March 29, 2015

Kevin Andrews' speech prompts questions of evaluation process fairness

 It is difficult to find a photograph of Australian Defence Minister, Kevin Andrews letting himself be filmed with a submarine. Here's the next best thing - reflections of what looks to be a submarine in Andrew's binoculars (Photo courtesy
The following are the portions of a speech most relevant to submarines made by Australian Defence Minister, Kevin Andrews on March 25, 2015 at Australia's Future Submarine Summit (“Sub Summit”) Adelaide, South Australia, March 24-26, 2015, :


The Andrews speech and other statements made by Australian government officers and officials at the Summit appeared to confirm a growing belief the evaluation process may not be truly competitive. This is due to what appears to be an unequal match between the official competitors, which are:

- the Government of Japan (including Prime Minister Abe and the Japanese Ministry of Defence (JMD) in part drawing advice from MHI and KHI). Significantly Japan is backed by overt US Government support *


- only companies: TKMS from Germany and DCNS from France. 

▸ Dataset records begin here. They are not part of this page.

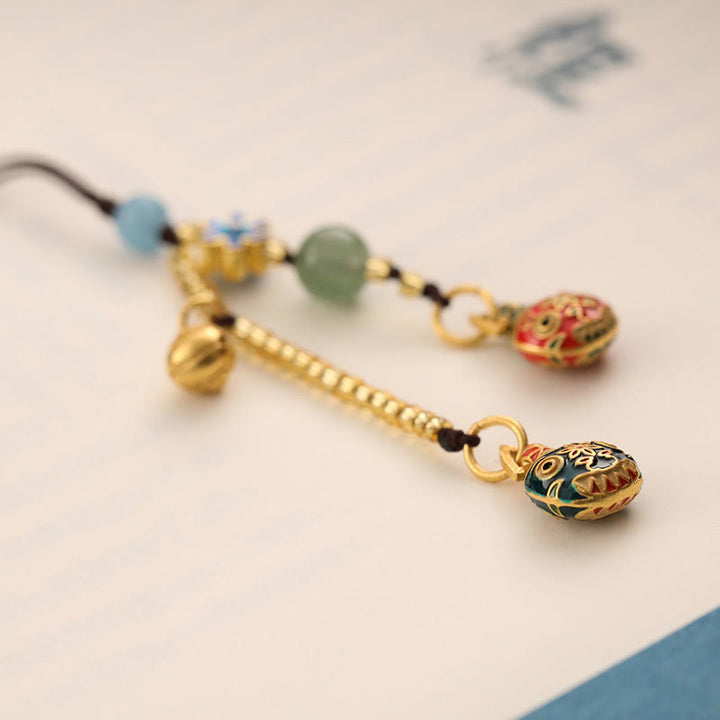 Złoty breloczek do kluczy z motywem rodzinnego szczęścia bestii połykającej złoto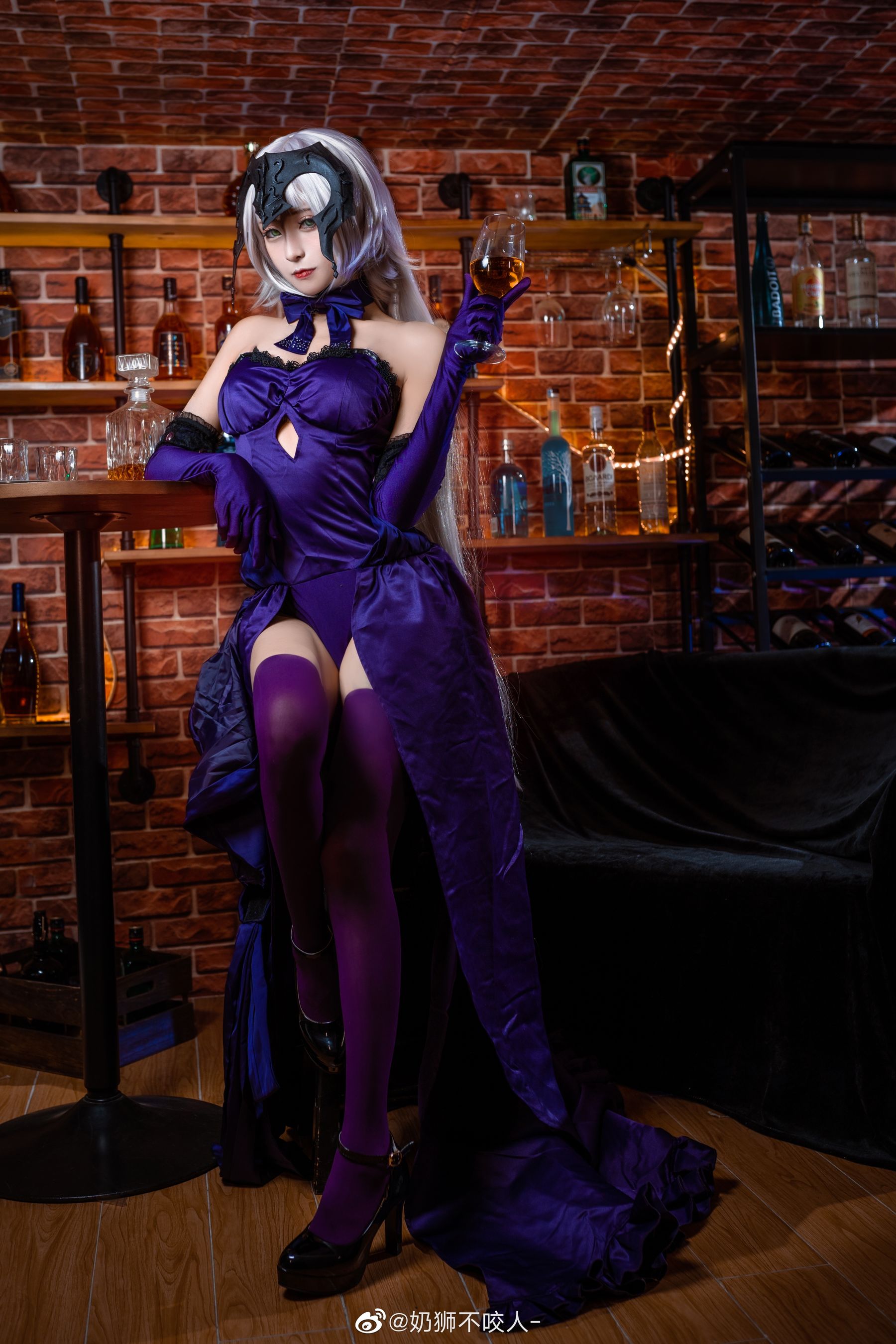 [Cosplay写真] 奶狮不咬人 – 黑贞德 [10P]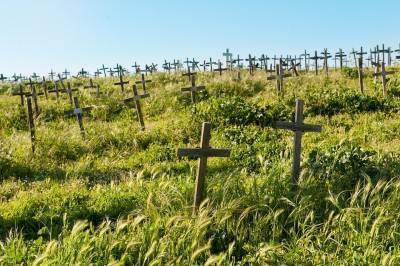 В РФ нашли памятники неизвестно где погибшим солдатам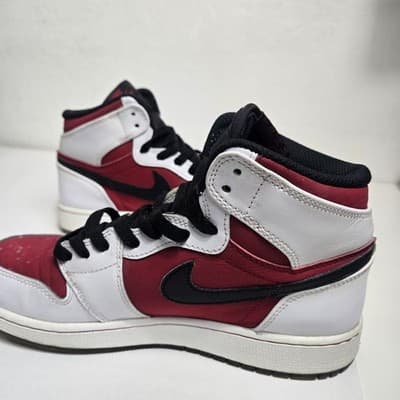 Air Jordan 1 Retro OG High Carmine Size 6.5 RARE - Thumbnail 2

European company representatives at the Summit questioned this mismatch and many wondered how the evaluation process could possibly be fair when Japan was being dealt with on a government-to-government basis while the German and French builders were on a commercial level. “It looks to me like the decision might already have been made,” said one CEO who asked to remain anonymous. “This whole process clearly favours Japan.”

* US Support for Japan's Bid

The Japan Times reported: "Vice Adm. Robert Thomas, commander of the U.S. Navy’s 7th Fleet, reportedly said Oct. 24 [2014]  in Tokyo that then-Australian Defense Minister David Johnston was very interested in Japan’s Soryu-class subs.
“I talked to him about it four years ago and I said: ‘You want to find the finest diesel-electric submarine made on the planet — it’s made at Kobe works in Japan,’ Thomas was quoted as saying by Bloomberg News."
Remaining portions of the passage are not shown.